In dealing with this Chinese pandemic, the U.S. and Canada have responded by distinguishing between “essential” and “nonessential” workers, businesses, and activities. Universities and colleges should draw this distinction as they consider reopening. What faculties are essential in universities? The sciences, engineering, mathematics, and computer studies are essential, in that they make a major economic contribution. The faculty of medicine and nursing are essential for the wellbeing of the population. The faculty of business serves society’s practical needs, and can be considered at least quasi-essential.
But, in contrast to the previous, many faculties are not essential; they are in fact counter-productive for society. The “humanities” and “social sciences,” with their grievance advocacy “studies” programs, such as women’s studies, black studies, Latinx studies, queer studies, and the like, today function primarily to divide people and advance Marxist goals such as class conflict, socialist governance, redistribution of wealth, and so are counterproductive. So too with the radical faculties of education and social work, all relentlessly ideological, and all sending their activists under the guise of teachers and social workers. The faculty of law is inessential; we have too many lawyers already, most living well off of the misery of citizens.
Modest, indeed! Click through for Mr. Salzman's further recommendation that the "vast multiplication of deans, associate deans, assistant deans, and assistants to the assistant deans, vice presidents, associate vice presidents, assistant vice presidents, etc. etc. should be culled vigorously."

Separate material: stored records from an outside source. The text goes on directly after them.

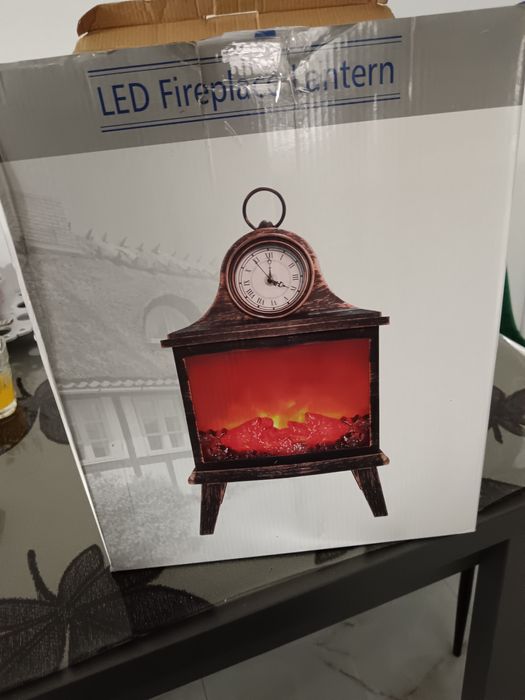 Vând șemineu electric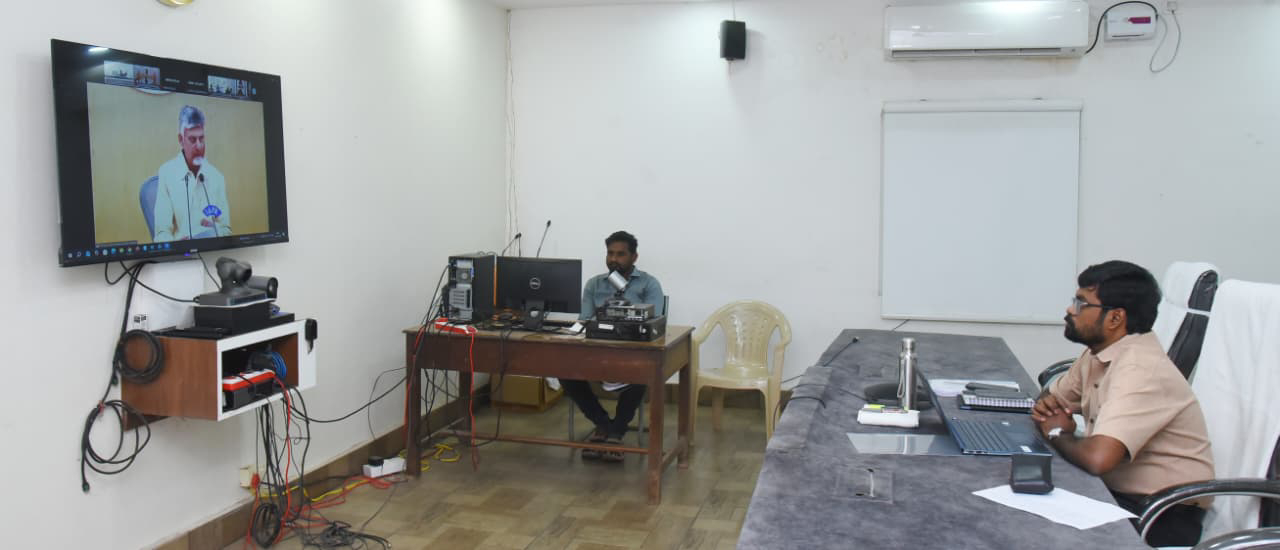 వర్చువల్గా జిల్లా కలెక్టరుతో సమావేశమైన చంద్రబాబు నాయుడు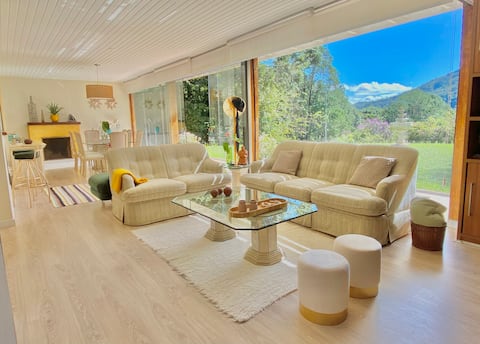 Beautiful View • Copa26 70" 4k TV • Wi-Fi • Comfort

At AEI, Mark J. Perry reports an unsurprising result:
research confirms that the cruel minimum wage law has the greatest
adverse effects on the most vulnerable workers. That research is
from the National Bureau for Economic Research (NBER).

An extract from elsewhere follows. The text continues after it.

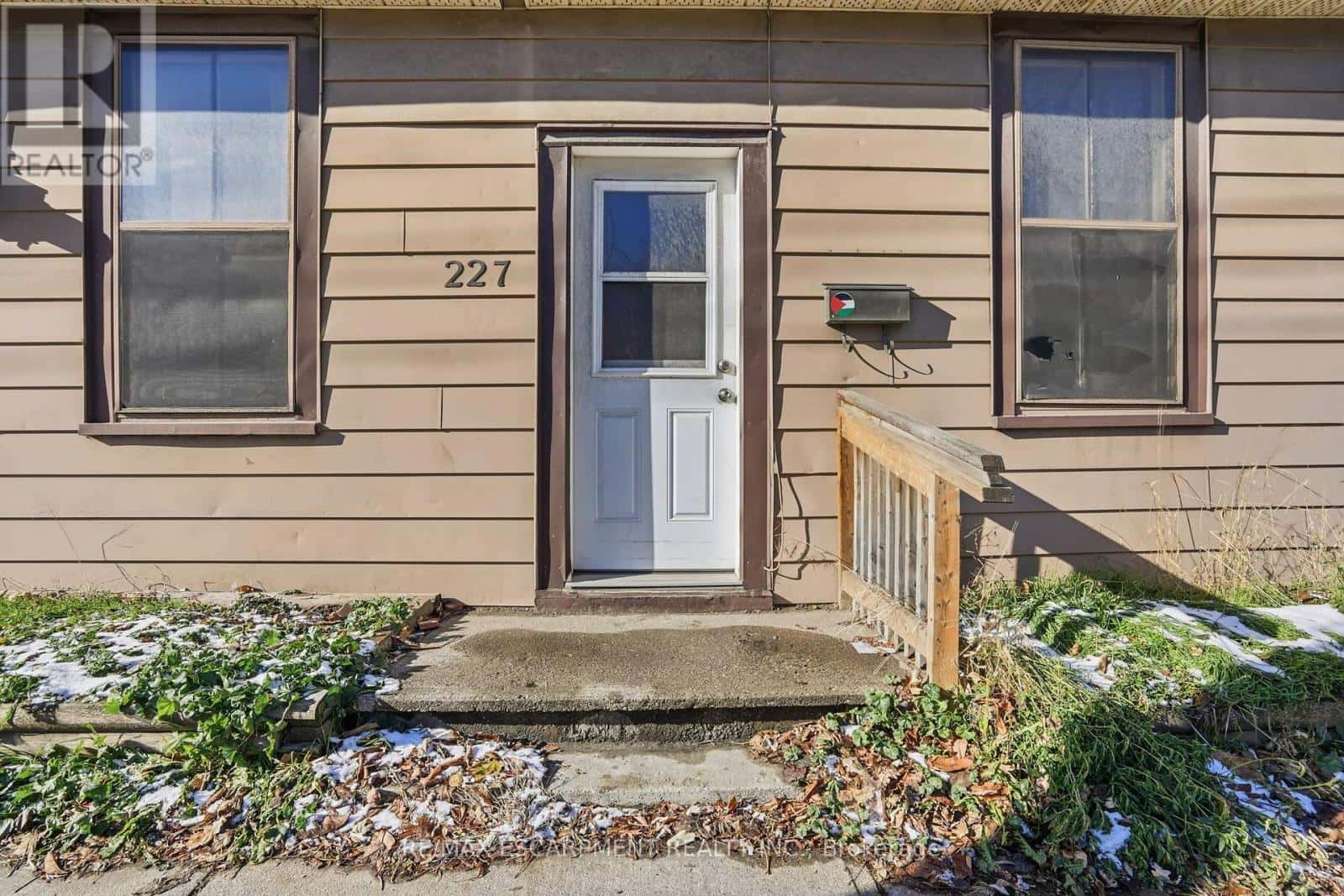 227 WELLINGTON STREET N — Hamilton (Beasley), Ontario - Photo 3 of 19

Bottom Line: It should be obvious but this new NBER research provides additional empirical evidence that the greatest adverse effects of the minimum wage law are concentrated on exactly those workers the minimum wage advocates say they are most trying help: lower-skilled, limited experience workers who are the least educated. In other words, the workers who suffer the most from minimum wage laws are the workers who are the least advantaged, least skilled, most marginalized, and most vulnerable, and who are most in need of gaining skills and work experience. And that makes minimum wage laws cruel, detrimental, and misguided, especially for the workers most at risk. To quote Don Boudreaux, “Taking away from [low-skilled] workers an important bargaining chip, namely the ability to offer to work at a wage less than the minimum, is the cruelest thing you can do for a lot of these workers.”
Progressive compassion is (at best) short-sighted.